Power and Principle: The Vicissitudes of a Sociologist in Parliament

by Walden Bello, Emeritus Professor, University of the Philippines at Diliman, and former member of the Philippine House of Representatives, 2009-15

Walden Bello is a Filipino sociologist of immense international stature as a scholar and public intellectual. He has published major books on development and politics, including the Anti-Development State (2004), Food Wars (2009) and most recently Capitalism’s Last Stand? Deglobalization in the Age of Austerity (2013). Apart from being professor at the University of the Philippines, he directed the US-based Institute for Food and Development Policy (Food First) (1990-94) and was the founding director of the Bangkok-based institute, Focus on the Global South. He is a regular contributor to newspaper columns all over the world and has been the recipient of many international awards, including the Right Livelihood Prize (aka the Alternative Nobel Prize) and the Outstanding Public Scholar Award of the International Studies Association. Here he describes his experiences and dilemmas as a sociologist in politics – the principal representative of the Filipino opposition party, Akbayan, in the Philippine House of Representatives. Professor Bello was a plenary speaker at the ISA World Congress of Sociology in Yokohama (July 2014). An extended version of this article can be found at Global Express.

For most of my life, I have been both a sociologist and an activist. In 1975, with a newly-minted Princeton PhD in sociology, I plunged into full-time activism, first to overthrow the Marcos dictatorship in the Philippines as a member of the underground National Democratic Front’s international wing, then as a militant against corporate-driven globalization. From 1994 to 2009, I taught sociology at the University of the Philippines at Diliman; in 2009, I became a legislator for a progressive political party in the House of Representatives of the Philippines.

The party to which I belong, Akbayan, forged a progressive identity from 1998 to 2009, expressing its crusading spirit through congressional proposals including the Reproductive Health Bill, agrarian reform efforts, initiatives to end discrimination against the LGBT community, extension of absentee voting rights to Filipinos overseas, promotion of workers’ security, and introduction of socialized housing for the urban poor.

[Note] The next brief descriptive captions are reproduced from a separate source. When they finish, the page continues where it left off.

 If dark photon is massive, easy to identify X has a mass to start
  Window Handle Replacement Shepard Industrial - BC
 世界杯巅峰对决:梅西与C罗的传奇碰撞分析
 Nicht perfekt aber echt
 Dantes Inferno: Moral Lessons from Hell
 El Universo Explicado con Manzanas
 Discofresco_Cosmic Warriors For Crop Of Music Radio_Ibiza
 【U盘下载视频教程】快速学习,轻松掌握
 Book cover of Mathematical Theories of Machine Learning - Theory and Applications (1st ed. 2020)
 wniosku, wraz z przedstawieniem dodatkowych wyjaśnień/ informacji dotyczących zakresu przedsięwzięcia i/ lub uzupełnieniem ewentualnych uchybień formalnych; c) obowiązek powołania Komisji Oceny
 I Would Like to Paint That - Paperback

In 2009, the party debated whether to support the Liberal Party (LP) candidate in the 2010 presidential elections – a question that turned on whether the candidate could be relied on to carry out a reform program. While the Liberal candidate would probably not promote wealth redistribution, participatory democracy, or defense of national sovereignty, most Akbayan supporters believed the Liberals would support good governance or anti-corruption – an overriding demand, given the corrosive effects of corruption on our democracy.

But while the LP’s anti-corruption agenda was decisive, we also expected an LP candidate would look favorably on other parts of our agenda, notably reproductive health and agrarian reform. By 2010, the long-controversial Reproductive Health Bill had moved to the center of congressional debate, while a recently passed agrarian reform law – again one of my party’s main concerns – awaited implementation; moreover, we expected to be able to push other key issues, including an independent foreign policy; repeal of the automatic appropriations act that prioritizes the servicing of foreign and domestic debt; and the elimination of neoliberal measures in trade, finance, and investment.

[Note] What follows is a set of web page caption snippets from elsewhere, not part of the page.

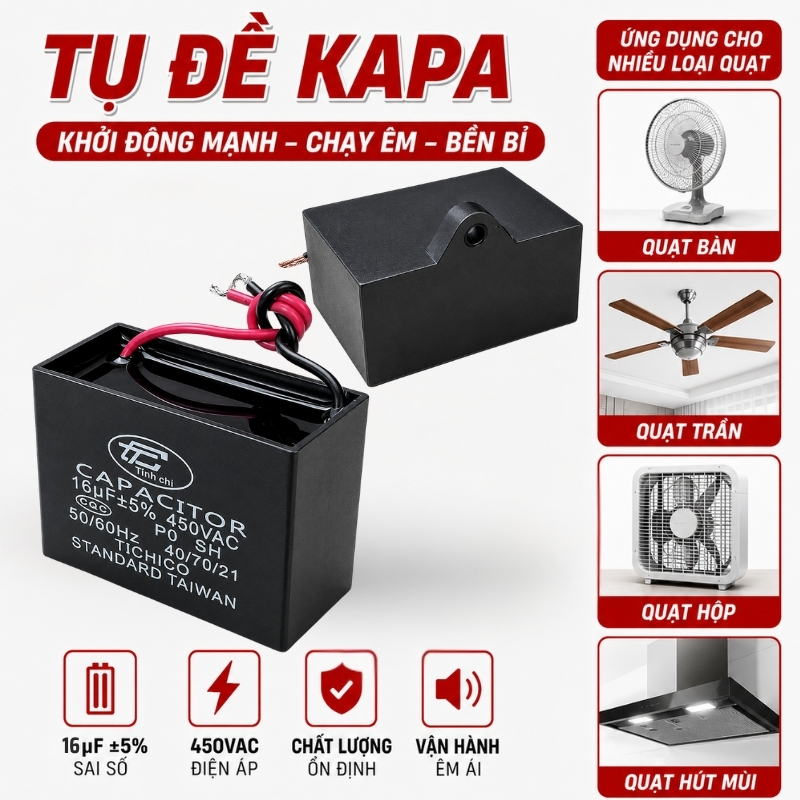 Tụ Đề Kapa Vuông Tinh Chi 16uF 450VAC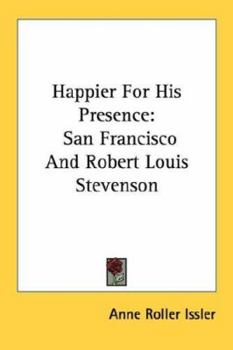 Paperback Happier For His Presence: San Francisco And Robert Louis Stevenson Book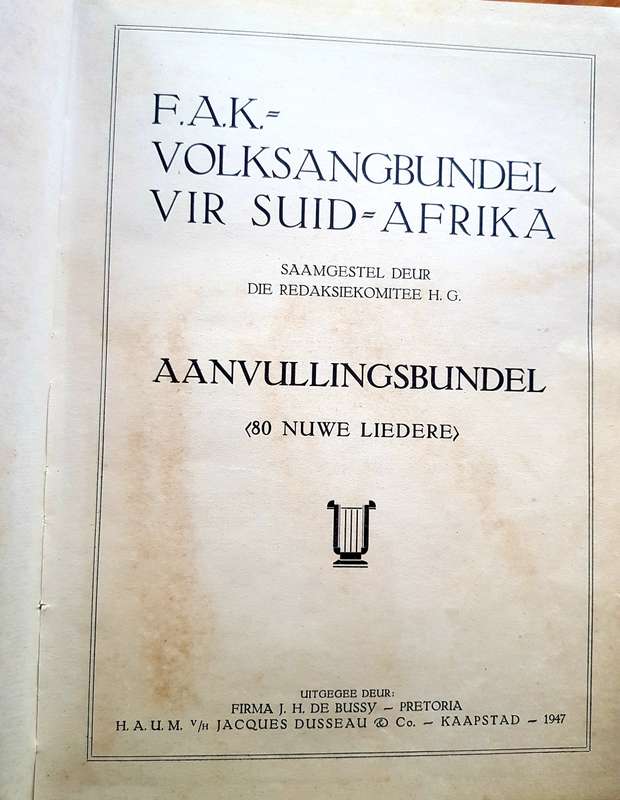 AFRIKAANS  F. A. K. Volksangbundel vir Suid-afrika Afrikaans Kultuur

The LP candidate Benigno Simeon Aquino III (son of iconic former President Corazon Aquino and martyred Benigno Aquino) was elected President in 2010. Over the next five years, as Akbayan’s principal representative in the House, I gained first-hand experience of the opportunities and constraints that participation in a coalition dominated by liberals and traditional politicians offers a progressive party.

Winning on the Cultural Front
Filipino progressives have long sought a government-supported family planning program, to address both poverty and women’s reproductive health. By 2010, when the new administration came into office, my party and other progressives had kept the Reproductive Health Bill on the legislative agenda for twelve years. Despite fierce opposition from the powerful Roman Catholic Church, progressives had built a multiclass alliance, reframing the issue in terms of women’s reproductive rights and health. It was a winning argument, deployed with skill not only at a rational level, but also symbolically through the strategic dissemination of images of an all-male hierarchy and a predominantly male Congress controlling women’s choices. By 2012, we had successfully driven a wedge between a conservative ideological institution and part of the ruling elite and the middle class normally under its sway, and the Bill became law.

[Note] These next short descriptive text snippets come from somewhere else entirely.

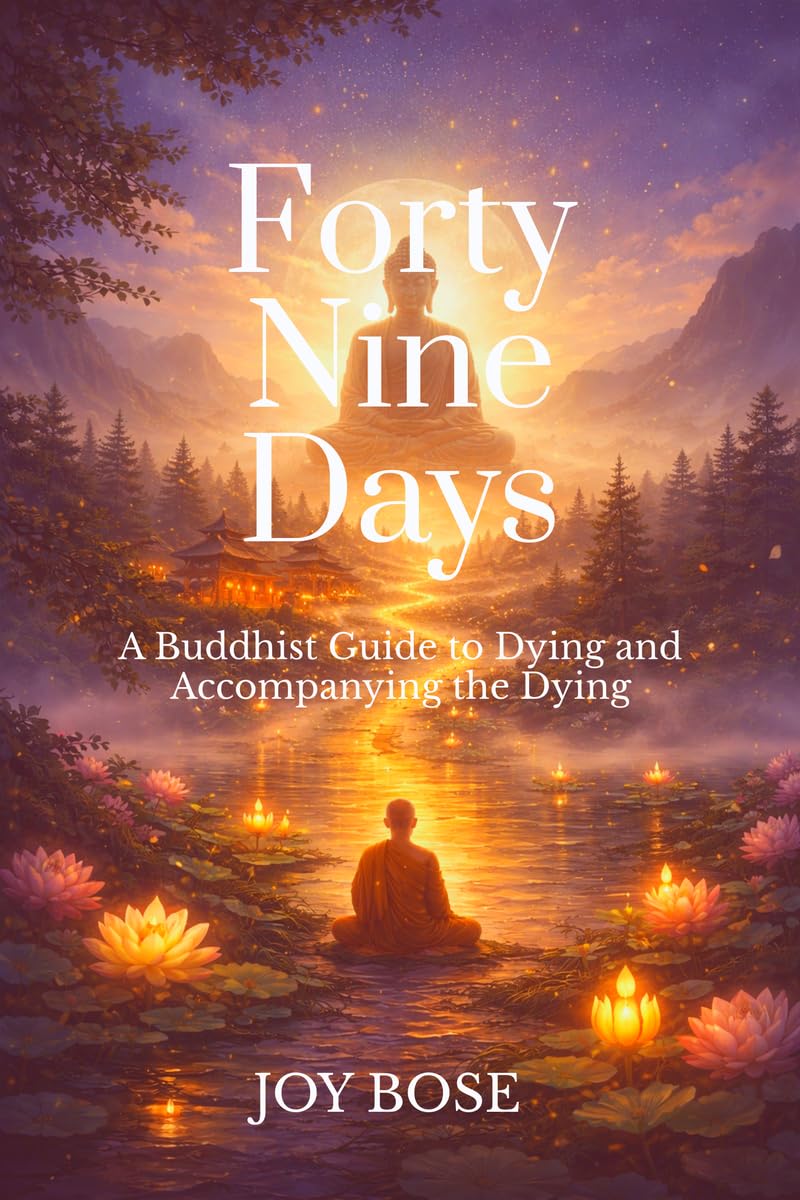 Forty Nine Days: A Buddhist Guide to Dying and Accompanying the Dying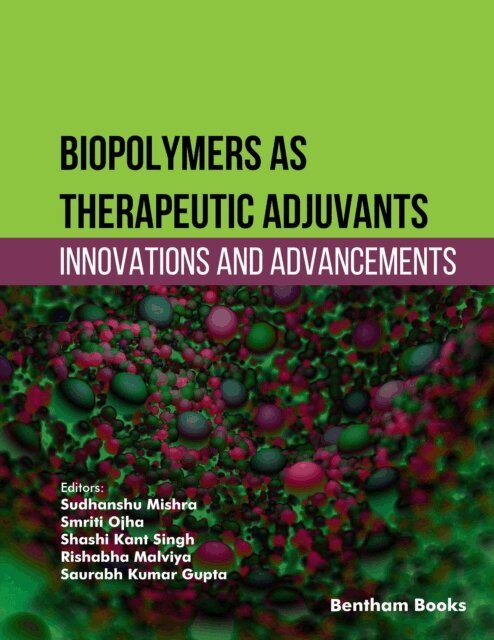 Sudhanshu Mishra - Biopolymers as Therapeutic Adjuvants: Innovations and Advancement, E-bok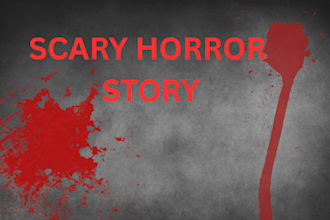 write horror story for you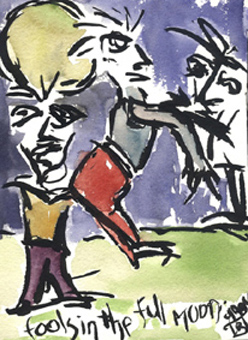 Fools in the full moon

Agrarian Reform: the Hard Realities of Class
Agrarian reform, however, illustrates the difficulties of coalition politics, especially around issues touching on class interests. Although land reform efforts date back to the early 1960s in the Philippines, vast inequalities persist. In the 1970s, the Marcos dictatorship’s land reform program faced landlord resistance; it was placed on hold. After Marcos’ overthrow in 1986, President Corazon Aquino’s administration launched an ambitious project to redistribute some 10.3 million hectares, partly in response to the New People’s Army’s rural insurgency. However, a landlord-dominated Congress attached loopholes to the law, effectively limiting redistribution efforts to public land – leaving the most productive privately-owned land untouched.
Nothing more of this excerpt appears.